Jennifer Hahn
MIChoud, La.—Clearly, NASA’s new plans for its Space Launch System (SLS) and the Orion capsule require state-of-the-art tools and engineering. But all those strategies, machines and flight hardware don’t come out of the blue. While much of NASA’s work is built, so to speak, on the shoulders of giants, they also find partners to continuously conduct essential research and development.

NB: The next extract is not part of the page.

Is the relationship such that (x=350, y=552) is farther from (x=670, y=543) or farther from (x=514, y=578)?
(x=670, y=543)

At the Michoud Assembly Facility outside New Orleans, that means NCAM. The National Center for Advanced Manufacturing is a research-focused partnership between NASA, the state of Louisiana, and local colleges and universities such as LSU and the University of New Orleans. Essentially, NCAM is close to the get started of the facility’s SLS and Orion workflow. After all, before the most advanced tools at Michoud can be used and the best engineered materials can be implemented in NASA hardware, someone has to think. Since 1999, this has been NCAM’s role: to invent, research and develop various tools and materials to help NASA continually improve its work (including SLS and Orion).

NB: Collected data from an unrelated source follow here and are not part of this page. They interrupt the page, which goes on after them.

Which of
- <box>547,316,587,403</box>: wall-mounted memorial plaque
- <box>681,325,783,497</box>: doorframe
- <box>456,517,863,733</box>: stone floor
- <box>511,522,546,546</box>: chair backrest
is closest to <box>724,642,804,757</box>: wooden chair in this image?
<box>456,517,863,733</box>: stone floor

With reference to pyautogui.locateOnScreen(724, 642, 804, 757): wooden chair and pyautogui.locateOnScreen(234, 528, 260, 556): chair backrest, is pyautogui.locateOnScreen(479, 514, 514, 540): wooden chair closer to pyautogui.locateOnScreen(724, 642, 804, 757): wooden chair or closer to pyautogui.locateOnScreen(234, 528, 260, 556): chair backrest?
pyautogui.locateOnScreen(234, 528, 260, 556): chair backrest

“All emerging technology goes through the academic research process before appearing in industry,” said John Vickers, NCAM manager and deputy director of the materials and processes laboratory at the Marshall Space Flight Center. “These machines are building products that will be on the Orion spacecraft to go to the moon, to Mars and beyond.”
When it comes to focus, NCAM is almost given free rein. Their work can focus on everything from flight hardware to test processes to fabrication tools (they’ve even researched Michoud’s famous friction stir welding in the past). Vickers was in Michoud when Ars visited in late 2015, and he showed off NCAM’s work, particularly with the site’s Automated Fiber Placement Machines. These are massive (chamber-sized, with a maximum mandrel capacity of over 40,000 lbs) fabrication tools that take a layer-by-layer approach to building composite structures. Like other great tools at Michoud, they work very precisely, so the output is infinitely reliable.
“The final goal [for our composites] is 50 percent lighter than the metal equivalent,” Vickers said. “That’s significant added value for our reconnaissance missions. It means we can send much, much more cargo into space.”
The composites that Vickers showed (seen in the video above) will eventually find their way into the Orion modules. He noted that launchers today are largely aluminum, but NCAM and NASA have watched closely as composites emerged in other aircraft, in the defense market, and now slowly in the aerospace industry. Compared to Apollo modules, such composites allow Orion to have a much lighter skeleton. So while the Orion EM-2 crew module is expected to have a launch weight of 22,900 lbm (compared to 12,392 lbm for the Apollo 8 CSM), much of that added mass will come from system redundancies that will better prepare the module for both deep space exploration and contingencies. Troubleshooting. Those precautions wouldn’t be possible without NCAM’s work improving the module (not to mention the group’s efforts focused on the engine components that can lift these increased weights).
Perhaps best of all, NCAM’s academic mindset works both ways. The group not only examines current practices to improve efficiency, but also wants to train the next generation to continue this work. By partnering with LSU and UNO, NCAM is able to train the next generation of engineers and manufacturing specialists. UNO is one of the few universities where an engineering student not only reads about friction stir welding, but has the opportunity to observe the technique at a scale and level of accuracy unmatched anywhere else in the world. NCAM believes so strongly in recruiting and training future NASA employees, they even extend their reach to the reconnaissance level, teaming up with local Boy Scouts and Girl Scouts based on merit badges.
“I have been with NCAM for over 15 years now and I will see students come through the education system and emerge into the workforce here,” said Vickers. “Sometimes it’s to my surprise, but it’s always a great pleasure.”
This video is the final in our four-part series on the Michoud Assembly Facility and how NASA’s grand ambitions there are being fulfilled today.